Each section below here is summarized the same way, showing all the options for that YAML header in the form of their pydantic API which the YAML is fed into in a one-to-one match of options.

class qcfractal.cli.qcfractal_manager.ManagerSettings(*, common: qcfractal.cli.qcfractal_manager.CommonManagerSettings = CommonManagerSettings(adapter=<AdapterEnum.pool: 'pool'>, tasks_per_worker=1, cores_per_worker=2, memory_per_worker=6.626, max_workers=1, retries=2, scratch_directory=None, verbose=False, nodes_per_job=1, nodes_per_task=1, cores_per_rank=1), server: qcfractal.cli.qcfractal_manager.FractalServerSettings = FractalServerSettings(fractal_uri='localhost:7777', username=None, password=None, verify=None), manager: qcfractal.cli.qcfractal_manager.QueueManagerSettings = QueueManagerSettings(manager_name='unlabeled', queue_tag=None, log_file_prefix=None, update_frequency=30.0, test=False, ntests=5, max_queued_tasks=None), cluster: qcfractal.cli.qcfractal_manager.ClusterSettings = ClusterSettings(node_exclusivity=False, scheduler=None, scheduler_options=[], task_startup_commands=[], walltime='06:00:00', adaptive=<AdaptiveCluster.adaptive: 'adaptive'>), dask: qcfractal.cli.qcfractal_manager.DaskQueueSettings = DaskQueueSettings(interface=None, extra=None, lsf_units=None), parsl: qcfractal.cli.qcfractal_manager.ParslQueueSettings = ParslQueueSettings(executor=ParslExecutorSettings(address=None), provider=ParslProviderSettings(partition=None, launcher=None)))[source]

The config file for setting up a QCFractal Manager, all sub fields of this model are at equal top-level of the YAML file.

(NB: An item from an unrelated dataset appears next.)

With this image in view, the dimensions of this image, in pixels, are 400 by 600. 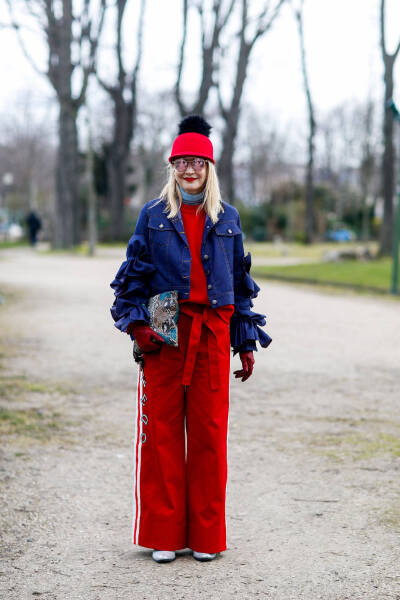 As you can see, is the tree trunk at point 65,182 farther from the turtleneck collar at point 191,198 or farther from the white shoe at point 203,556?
the white shoe at point 203,556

No additional top-level fields are permitted, but sub-fields may have their own additions.

Not all fields are required and many will depend on the cluster you are running, and the adapter you choose to run on.

Parameters

common

class qcfractal.cli.qcfractal_manager.CommonManagerSettings(_env_file: Optional[Union[pathlib.Path, str]] = '<object object>', _env_file_encoding: Optional[str] = None, _secrets_dir: Optional[Union[pathlib.Path, str]] = None, *, adapter: qcfractal.cli.qcfractal_manager.AdapterEnum = AdapterEnum.pool, tasks_per_worker: int = 1, cores_per_worker: qcfractal.cli.qcfractal_manager.ConstrainedIntValue = 2, memory_per_worker: qcfractal.cli.qcfractal_manager.ConstrainedFloatValue = 6.626, max_workers: qcfractal.cli.qcfractal_manager.ConstrainedIntValue = 1, retries: qcfractal.cli.qcfractal_manager.ConstrainedIntValue = 2, scratch_directory: str = None, verbose: bool = False, nodes_per_job: qcfractal.cli.qcfractal_manager.ConstrainedIntValue = 1, nodes_per_task: qcfractal.cli.qcfractal_manager.ConstrainedIntValue = 1, cores_per_rank: int = 1)[source]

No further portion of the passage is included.